I know there are many tutorials out there for getting started in C. However Its hard for me to apply the knowledge. The way I've always started out in languages is by writing scripts. Of course C is not a scripting language.
My question isn't so much about learning C as much as it is about how to get started applying C. Great I can write a temperature converter or a text-based rpg. Maybe its because in python I just write up the code in somefile.py and chmod +x somefile.py && somefile.py . I do not really have an equivalent process for C. Every time I read about C its a different compiling process with different flags. Can someone just give me some definite direction on best ways to apply C when you already work with higher-level dynamic scripting languages?
Btw. .. I'm asking about C and not C++.
I usually am on either OpenSuse 11 or Ubuntu 9.04 . "What compiler do i use" is part of the problem. In python there is no choice its just "python somefile.py" same with php or ruby. I didn't know there were choices.
write w.c
#include <stdio.h>
int main(int argc, char *argv[]) {
int i;
for (i = 0; i < argc; ++i) {
printf("Param %d is '%s'\n", i, argv[i]);
}
return 0;
}
and compile with
gcc -Wall -o w w.c
run
./w
As rogeriopvl wrote in a comment, the compilation process is really simple. Just write up the code in somefile.c and
gcc -o somefile somefile.c && ./somefile
(if you're using GCC, and if not, your compiler of choice can probably be invoked similarly) Unless/until you start getting into more complicated projects, it's barely any more complicated than a scripting language. (Well... okay, you may need to link some libraries, once you get beyond the basics. But still, not a huge deal.)
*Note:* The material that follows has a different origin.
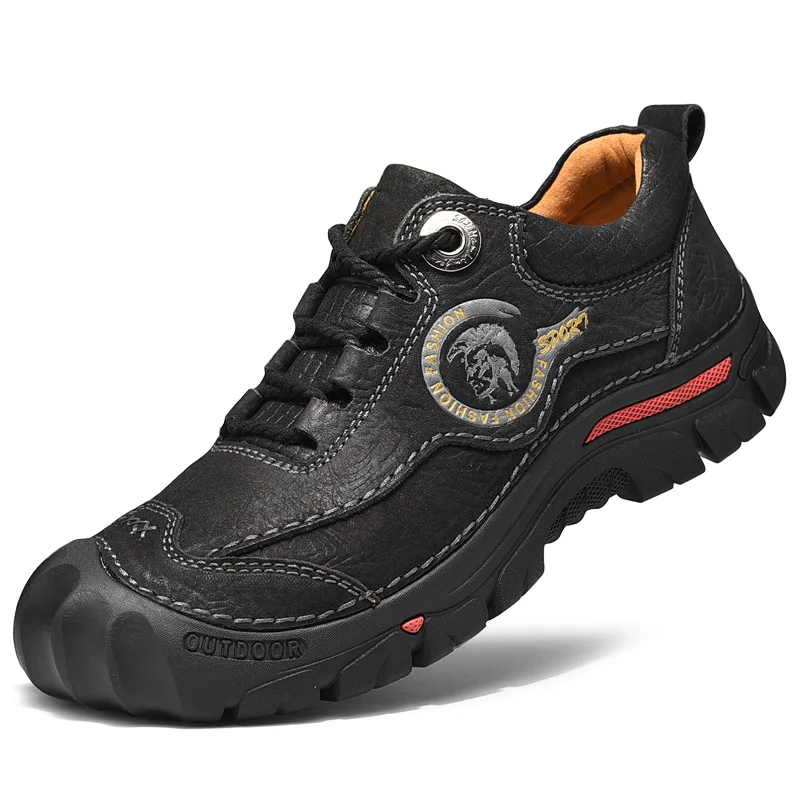 

New Fashion Men Shoes Outdoor Casual Shoes Genuine Leather Size 38-46 Male Comfortable Sneakers Classic Tooling Men Hiking Shoes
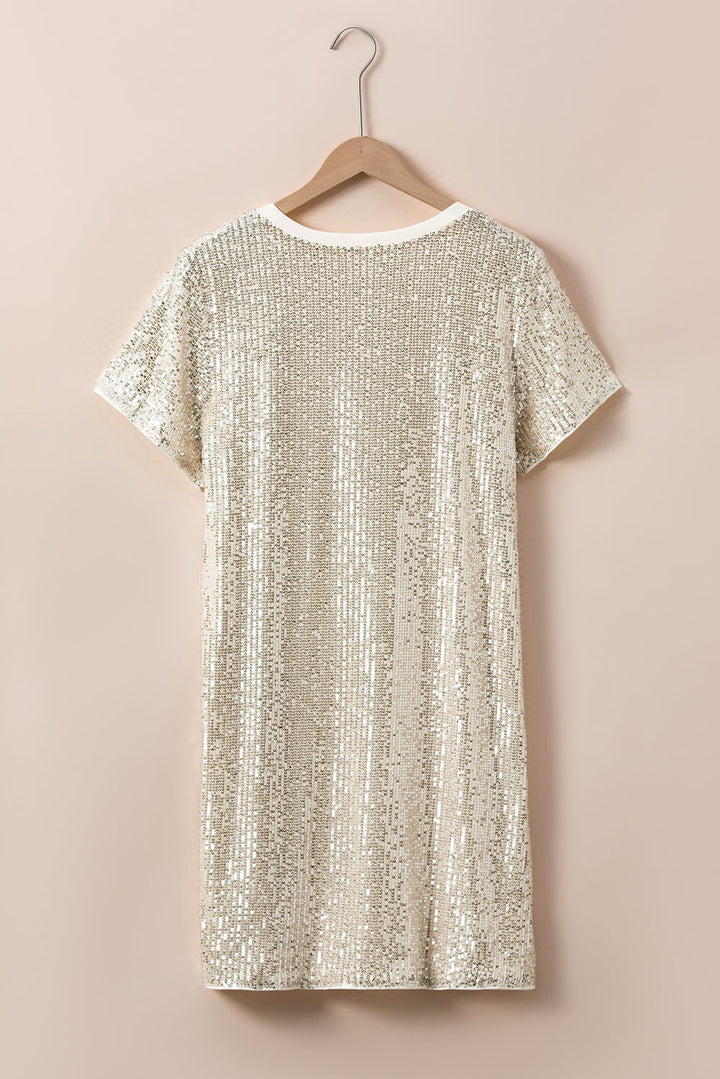 Plus Size Sequin Short Sleeve T-shirt Dress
In fact, I did write myself a little shell script that allows me to use C as a scripting language. But the process for setting it up is a little more complicated than what you may want to get into at this stage - it's simpler to just run the compiler each time. Still, if you're interested, I can look up the directions (for Linux) and put them here.
C code needs to be compiled before the program can be run. The exact process is different depending on which platform and compiler you are working on.
For the most part, using an IDE (such as Visual studio, Eclipse, MonoDevelop, and a bunch of others) will do the nasty work for you so that you just have to press a button or click an icon. Download one of these
I asked myself this question when I was learning C. The problem here, if I can say this is a problem, is that C can be used in a broad range of applications and in a broad range of environments, which one with its own IDEs or compilers and libraries. Some examples where you can use C for real staff.
Embedded software. In this case you will probably use some lib.
Network programming (take a look at this book.
Device driver development.
Libraries (both for Linux/Windows and other OSs)
Well this list is endless.
O don't know if I help you with this question. If you give more details about what are you interested in, could be helpful
Good luck
The best advice I can give here is find a topic you're interested in, see if you can make a program to do what you want/assist in doing what you want/adding functionality to the interest of choice, and start coding.
This gives the bonus of doing something you're interested in, and at the same time making something that directly influences it. It should give the motivation to keep steaming onward with the learning process.
I'm working with C a lot at the moment with Linux Kernel modules and am relatively new to C. I've found this rewarding which I think is what's important for this sort of hobby 'temperature converter or a text-based rpg' type programming.
I also struggle finding an application of programming skills. Balance of challenge and reward is important I think.